It’s easy to forget how recent all of those major changes are.
I liked Pat Schroeder because she was feisty, young, and had common sense.
The women in Congress made a big deal about how difficult it was to access bathrooms, as the House and Senate anterooms were not built to accommodate women. Many of our institutions were not built to accommodate women.
I recognize, even in writing this story, that many of these changes happened in time for me to be a beneficiary. I voted before I was 21. I got a cred card after I started my first job. I received disability payments and maternity leave a few years later.
Oh, I could tell stories, and you may, too, of job interviews that offered concern that a woman might have to leave work after dark when it was unsafe. I experienced what would be considered harassment with a laugh — because it was just considered normal behavior.

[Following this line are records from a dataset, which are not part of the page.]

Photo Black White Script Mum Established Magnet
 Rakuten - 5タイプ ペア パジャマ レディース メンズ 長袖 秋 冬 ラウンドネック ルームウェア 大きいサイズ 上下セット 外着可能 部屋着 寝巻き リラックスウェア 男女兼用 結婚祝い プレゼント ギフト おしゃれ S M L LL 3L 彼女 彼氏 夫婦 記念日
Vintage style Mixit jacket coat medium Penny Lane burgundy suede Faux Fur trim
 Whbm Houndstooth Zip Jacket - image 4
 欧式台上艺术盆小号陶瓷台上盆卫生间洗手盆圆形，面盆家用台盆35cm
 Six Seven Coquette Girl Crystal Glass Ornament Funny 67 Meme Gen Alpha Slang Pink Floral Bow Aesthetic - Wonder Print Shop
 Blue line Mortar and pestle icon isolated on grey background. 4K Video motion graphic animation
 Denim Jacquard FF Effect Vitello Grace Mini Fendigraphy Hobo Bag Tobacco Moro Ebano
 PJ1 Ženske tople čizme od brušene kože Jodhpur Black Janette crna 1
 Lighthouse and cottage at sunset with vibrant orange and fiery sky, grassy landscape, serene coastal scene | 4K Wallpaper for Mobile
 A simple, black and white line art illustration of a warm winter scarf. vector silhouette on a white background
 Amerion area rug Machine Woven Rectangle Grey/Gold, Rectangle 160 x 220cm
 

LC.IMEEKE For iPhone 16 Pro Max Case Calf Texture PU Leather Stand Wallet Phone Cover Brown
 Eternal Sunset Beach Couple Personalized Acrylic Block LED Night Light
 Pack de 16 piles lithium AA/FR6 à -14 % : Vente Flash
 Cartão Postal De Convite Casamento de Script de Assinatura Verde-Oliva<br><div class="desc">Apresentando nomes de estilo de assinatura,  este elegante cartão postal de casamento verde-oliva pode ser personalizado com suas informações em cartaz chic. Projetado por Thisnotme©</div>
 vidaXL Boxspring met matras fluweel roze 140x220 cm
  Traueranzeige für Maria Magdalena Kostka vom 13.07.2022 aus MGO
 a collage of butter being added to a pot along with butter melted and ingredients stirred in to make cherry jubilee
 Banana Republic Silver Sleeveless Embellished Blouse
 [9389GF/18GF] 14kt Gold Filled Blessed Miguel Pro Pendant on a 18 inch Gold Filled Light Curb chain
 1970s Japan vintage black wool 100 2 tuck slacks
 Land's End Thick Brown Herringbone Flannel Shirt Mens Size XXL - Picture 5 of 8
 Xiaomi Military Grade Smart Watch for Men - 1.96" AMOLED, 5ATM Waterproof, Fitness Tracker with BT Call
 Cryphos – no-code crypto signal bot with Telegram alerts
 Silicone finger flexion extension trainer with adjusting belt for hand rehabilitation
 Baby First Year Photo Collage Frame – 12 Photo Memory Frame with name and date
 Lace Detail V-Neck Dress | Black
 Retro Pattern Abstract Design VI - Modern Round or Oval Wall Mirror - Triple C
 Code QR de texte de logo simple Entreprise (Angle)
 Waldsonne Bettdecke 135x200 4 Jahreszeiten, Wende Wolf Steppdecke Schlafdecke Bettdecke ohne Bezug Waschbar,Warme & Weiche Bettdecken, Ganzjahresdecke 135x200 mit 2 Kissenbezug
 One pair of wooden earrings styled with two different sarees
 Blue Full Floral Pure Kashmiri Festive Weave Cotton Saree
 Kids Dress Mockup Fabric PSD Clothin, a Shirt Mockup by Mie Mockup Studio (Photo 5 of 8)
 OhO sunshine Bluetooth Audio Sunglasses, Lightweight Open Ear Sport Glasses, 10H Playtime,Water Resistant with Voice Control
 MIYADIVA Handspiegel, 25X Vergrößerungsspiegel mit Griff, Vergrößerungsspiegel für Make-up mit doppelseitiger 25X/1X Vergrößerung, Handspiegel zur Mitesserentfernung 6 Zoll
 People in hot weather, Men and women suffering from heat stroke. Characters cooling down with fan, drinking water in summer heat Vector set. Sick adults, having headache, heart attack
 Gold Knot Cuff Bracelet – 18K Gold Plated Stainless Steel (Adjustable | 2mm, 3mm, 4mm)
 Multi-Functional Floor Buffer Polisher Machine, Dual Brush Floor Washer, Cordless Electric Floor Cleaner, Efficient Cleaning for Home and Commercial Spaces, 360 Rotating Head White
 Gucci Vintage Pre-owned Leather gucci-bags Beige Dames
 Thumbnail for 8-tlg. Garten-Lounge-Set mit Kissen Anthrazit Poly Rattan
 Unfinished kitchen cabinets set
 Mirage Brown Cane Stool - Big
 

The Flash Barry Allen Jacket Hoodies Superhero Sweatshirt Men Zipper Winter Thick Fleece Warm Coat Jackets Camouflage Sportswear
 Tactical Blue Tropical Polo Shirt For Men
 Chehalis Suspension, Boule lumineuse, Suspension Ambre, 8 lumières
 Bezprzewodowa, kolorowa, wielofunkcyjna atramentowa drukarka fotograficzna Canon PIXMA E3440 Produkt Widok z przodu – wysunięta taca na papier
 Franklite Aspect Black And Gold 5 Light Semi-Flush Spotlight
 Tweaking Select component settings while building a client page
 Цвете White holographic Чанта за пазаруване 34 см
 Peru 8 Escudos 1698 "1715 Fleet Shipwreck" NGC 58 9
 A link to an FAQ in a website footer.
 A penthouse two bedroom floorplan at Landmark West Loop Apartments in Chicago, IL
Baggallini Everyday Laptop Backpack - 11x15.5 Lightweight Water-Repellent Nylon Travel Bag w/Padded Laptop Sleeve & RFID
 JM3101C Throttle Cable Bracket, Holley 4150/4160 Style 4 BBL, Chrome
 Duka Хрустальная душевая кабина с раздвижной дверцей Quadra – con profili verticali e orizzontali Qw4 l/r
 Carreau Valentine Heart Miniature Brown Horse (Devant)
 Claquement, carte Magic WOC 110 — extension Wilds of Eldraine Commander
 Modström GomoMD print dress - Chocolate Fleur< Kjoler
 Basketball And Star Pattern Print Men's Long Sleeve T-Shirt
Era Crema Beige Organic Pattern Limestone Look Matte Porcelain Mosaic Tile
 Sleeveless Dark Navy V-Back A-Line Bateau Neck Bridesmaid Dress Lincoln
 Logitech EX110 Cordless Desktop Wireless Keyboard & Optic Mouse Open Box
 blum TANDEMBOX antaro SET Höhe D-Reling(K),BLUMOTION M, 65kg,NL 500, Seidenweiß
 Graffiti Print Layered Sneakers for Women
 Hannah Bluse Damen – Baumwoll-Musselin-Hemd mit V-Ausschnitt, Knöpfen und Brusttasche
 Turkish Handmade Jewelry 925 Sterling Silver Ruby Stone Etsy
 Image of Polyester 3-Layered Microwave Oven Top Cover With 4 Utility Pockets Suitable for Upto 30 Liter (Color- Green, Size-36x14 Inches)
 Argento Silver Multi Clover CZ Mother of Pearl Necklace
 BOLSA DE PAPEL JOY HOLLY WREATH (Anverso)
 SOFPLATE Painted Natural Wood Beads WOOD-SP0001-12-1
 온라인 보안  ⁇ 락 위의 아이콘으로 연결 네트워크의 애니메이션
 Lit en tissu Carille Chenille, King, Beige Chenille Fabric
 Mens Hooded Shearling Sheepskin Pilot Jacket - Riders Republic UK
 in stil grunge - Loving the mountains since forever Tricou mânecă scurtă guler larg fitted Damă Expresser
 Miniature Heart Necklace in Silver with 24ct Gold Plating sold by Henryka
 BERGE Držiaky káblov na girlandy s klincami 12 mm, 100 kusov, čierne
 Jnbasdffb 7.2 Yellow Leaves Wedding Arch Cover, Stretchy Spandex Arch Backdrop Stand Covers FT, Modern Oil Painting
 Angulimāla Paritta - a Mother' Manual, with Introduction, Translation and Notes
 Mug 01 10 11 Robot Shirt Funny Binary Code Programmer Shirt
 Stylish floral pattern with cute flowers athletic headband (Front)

I remember an English teacher making fun of the title Ms., which he said stood for manuscript and would be confusing. Besides, if married, a woman was known as Mrs. John Doe, she even lost her first name, so what was the point?
Congresswoman Pat Schroeder, one of many pioneering women who made the path easier for those of us who followed, proved the point. Maybe we made it easier for those who followed us and were no longer the first woman to have a role, take that class, or expect equal benefits and salaries. We could leave work after dark.
It’s Women’s History Month, and women’s history, like Black History, or any sub-genre of history, is really just all history. Or herstory. I’ve been lucky to come of age at a time of change, and get to influence it, and be part of it, in small ways.
Of course, we are always part of history, but it is important to remember our leaders and fellow travelers.
And to offer the gratitude of Thanks, Pat Schroeder.